Perché il vino non sa comunicare
Il mondo del vino italiano è sempre più distante dal grande pubblico che finisce per apprezzarlo poco, con il conseguente crollo dei consumi interni.
Gino Veronelli negli anni Settanta riuscì nell’impresa di rendere il vino italiano protagonista nell’immaginario collettivo di milioni di persone. Ci riuscì con i suoi libri, con il Catalogo Bolaffi dei Vini, ma soprattutto con una trasmissione, A Tavola alle 7, che condusse su Rai 2 per diversi anni. Ebbe Umberto Orsini, Delia Scala e Ave Ninchi come co-conduttori, e in studio si cucinava e si parlava per la prima volta di vini di qualità a un pubblico vasto e allora per la massima parte ignaro.
Veronelli usò un modo molto accattivante per trattare quel tema, aiutato da grandi personaggi dello spettacolo che ricoprivano il ruolo dei curiosi, lo bombardavano di domande e qualche volta lo prendevano garbatamente in giro. Nessuno si prendeva troppo sul serio, tutti provavano a spiegare e a raccontare con termini comprensibili e il successo arrivò travolgente. Non sarà solo un caso se le maggiori città italiane si riempirono di enoteche proprio in quegli anni, e che i vini italiani iniziarono ad essere conosciuti prima da noi, poi anche in molti paesi esteri.
Non voglio sostenere che tutto sia stato determinato da quel programma, ma solo che a quei tempi l’argomento vino era molto più popolare in televisione di quanto non lo sia oggi . E la cosa non riguarda soltanto la Rai, o Mediaset o La 7. Riguarda anche i canali tematici, visto che né su Alice né tantomeno sul Gambero Rosso Channel sono attualmente in programmazione trasmissioni sul vino. Nei talk show sono spesso invitati gli chef, mai un produttore di vino, nonostante quel mondo sia pieno di personaggi simpatici e brillanti.
E non finisce qui. Al Festival della Filosofia di qualche anno fa ci fu un dibattito fra Umberto Galimberti e… Gianfranco Vissani. Non Gaja, Antinori o Walter Massa, insomma. Perché questo? Alla Rai non hanno problemi a fare i nomi dei modelli di auto, con tanto di marche in evidenza nei programmi specifici, come non hanno problemi a fare pubblicità ai cuochi. Ma per i vini vige il divieto assoluto di mostrare le etichette. Si può parlare in senso generale di denominazioni e di zone, ma non di singoli vini e di singoli produttori. Poi il vino non sarebbe “televisivo”, perché più di far ruotare il liquido nel bicchiere non determina “azioni” spettacolari, mentre un cuoco che cucina agisce e fa spettacolo. Infine il linguaggio del vino appare sempre più ermetico, roba da esperti, noiosi e sussiegosi, che parlano a se stessi e a qualche adepto del cerchio magico enologico.

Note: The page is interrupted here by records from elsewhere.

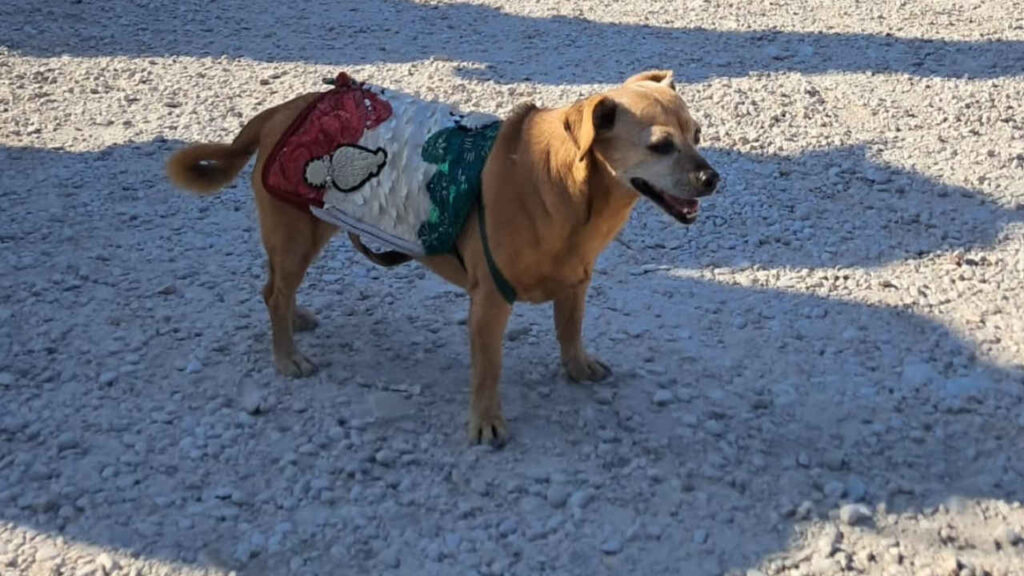 Briciola, il cane mascotte dell'Arma dei Carabinieri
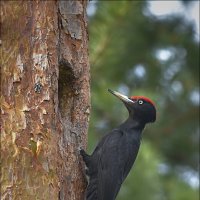 Самец у дупла... :: Андрей Медведев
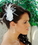 Elegance by Carbonneau Comb-1533 Feather Fascinator White or Ivory Comb 1533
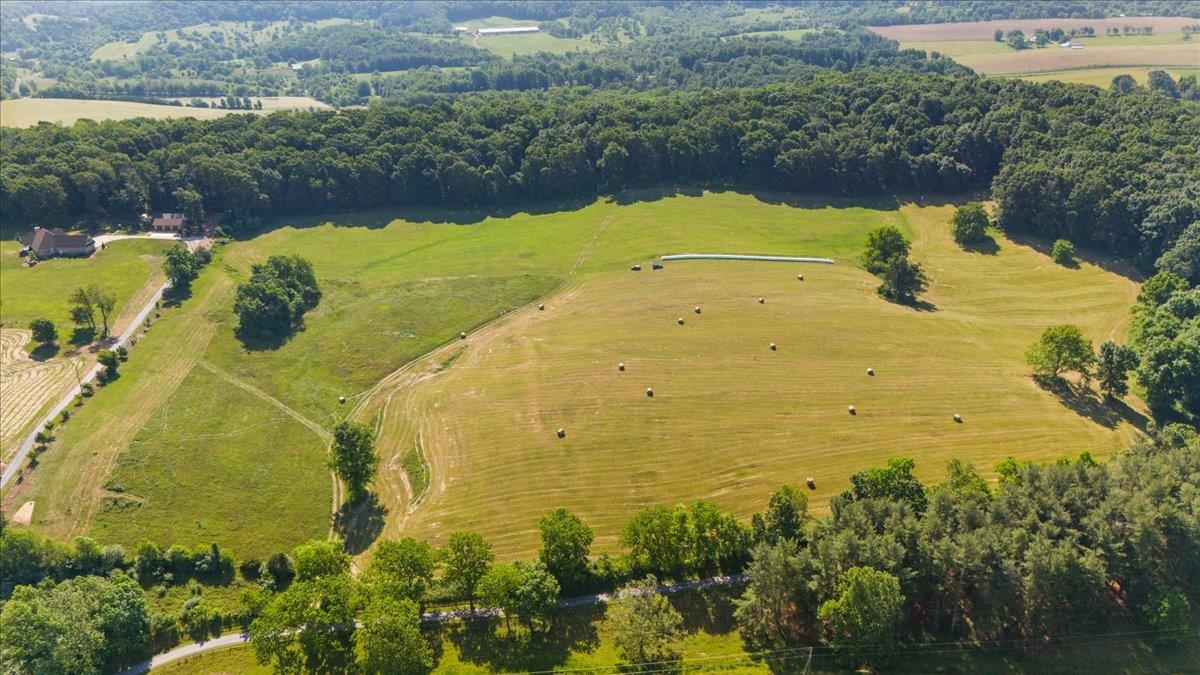 TBD ARBOR HILL RD, STAUNTON, Virginia 24401, ,Farm,14,TBD ARBOR HILL RD,678469 MLS # 678469 TBD ARBOR HILL RD, STAUNTON, Virginia 24401, ,Farm,14,TBD ARBOR HILL RD,678469 MLS # 678469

Veronelli, insomma, oggi non potrebbe fare quello che fece quarant’anni fa, con il risultato che il mondo del vino italiano è sempre più distante dal grande pubblico che finisce per apprezzarlo poco, con il conseguente crollo dei consumi interni. Se a questo ci aggiungiamo una campagna antialcolica che fa di tutta l’erba un fascio, nonostante il più che dimezzamento dei consumi di vino in Italia negli ultimi vent’anni, il ritratto è quasi completo.
Certo, anche i produttori, gli enologi, noi che scriviamo, talvolta ce la mettiamo tutta per contribuire a questo. Un focus troppo specialistico, troppo elitario, su vini molto costosi e molto difficili da reperire. Un modo di comunicare che spesso si limita a raccontare di modi di vinificare, di tecnicismi, di filosofie produttive particolari, senza preoccuparsi di spiegare con termini comprensibili, non serve a granché. Rischia di escludere, non di far condividere.
Bisognerebbe invertire la tendenza, fare più manifestazioni come Cantina Aperte, unico vero evento di massa del nostro settore, provare ad aprire spiragli comunicativi e di condivisione più efficaci. Spiegare anche ai nostri “televisivi”che la BBC fece un programma di successo sul vino condotto da Jancis Robinson, una delle maggiori esperte del mondo, e che si può parlare di vino in modo semplice ma adeguato ed efficace anche in Tv, a patto di non banalizzare e di non buttare tutto in burletta, e alludo alle ultime comiche edizioni di Linea Verde, ad esempio. Cose non difficili da fare, molto più difficili da far capire.